■ The problem ■
Once the pictures are set aside, transcribe each line of the listing exactly.

■ Given information ■

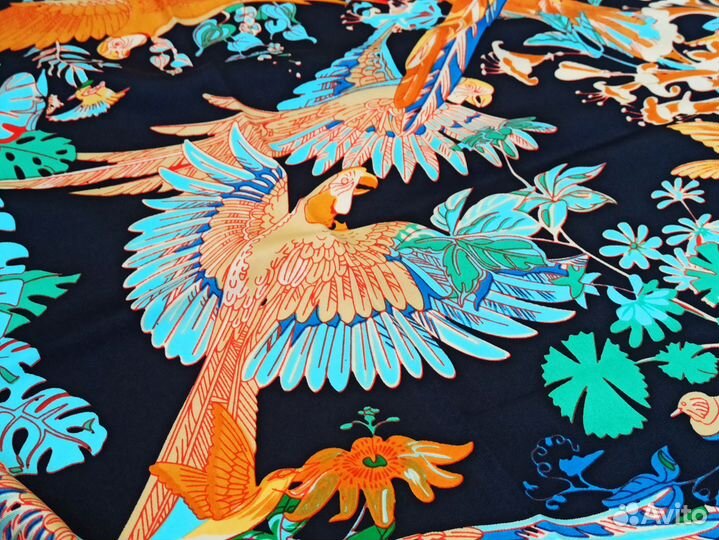 Платок шелковый Hermes ручной край 5цв
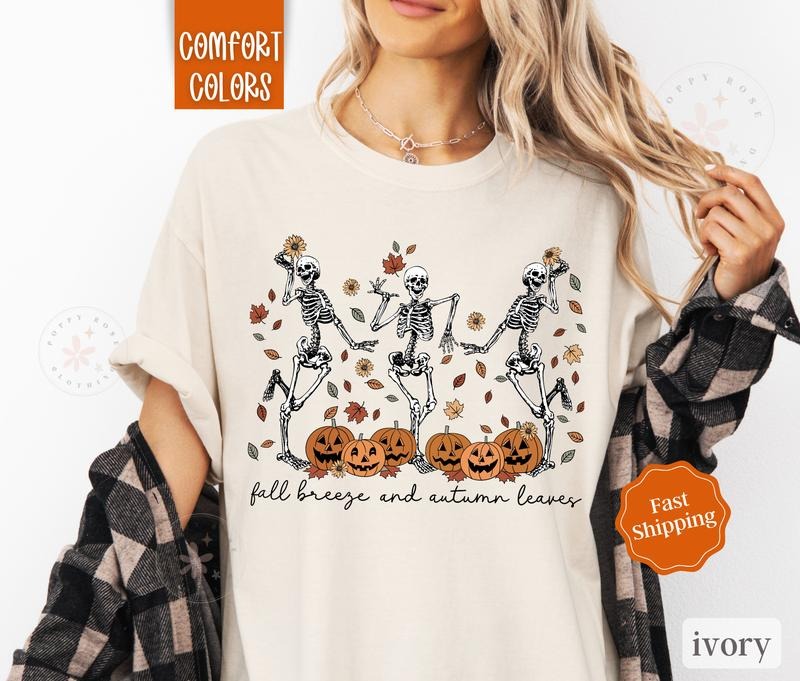 Fall Skeleton Shirt Comfort Colors, Halloween Tshirt,  Fall Vibes Shirt for Women Oversized Crewneck Teestyle{n002}2...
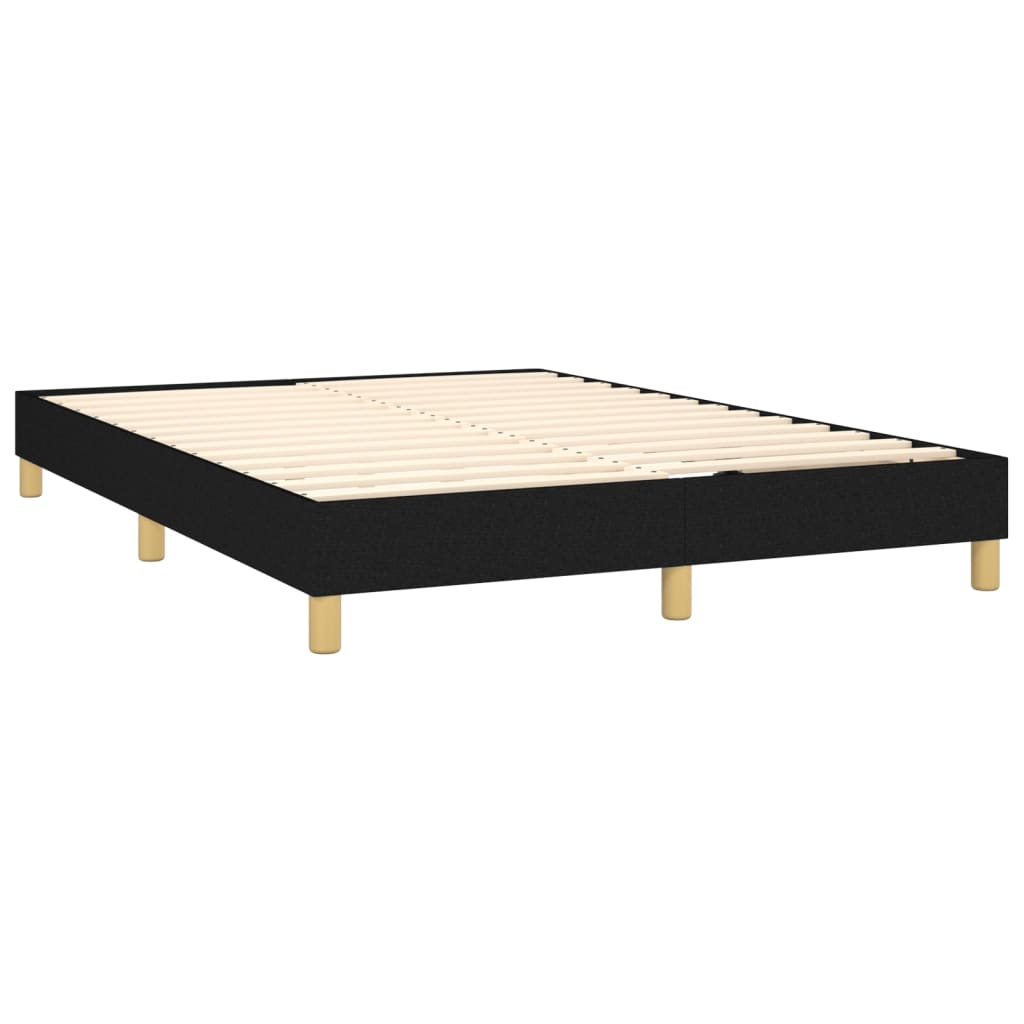 Letto A Molle Con Materasso E Led Nero 140x190 Cm In Tessuto - Image 5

■ Solved exercise ■
 Платок шелковый Hermes ручной край 5цв
 Fall Skeleton Shirt Comfort Colors, Halloween Tshirt,  Fall Vibes Shirt for Women Oversized Crewneck Teestyle{n002}2...
 Letto A Molle Con Materasso E Led Nero 140x190 Cm In Tessuto - Image 5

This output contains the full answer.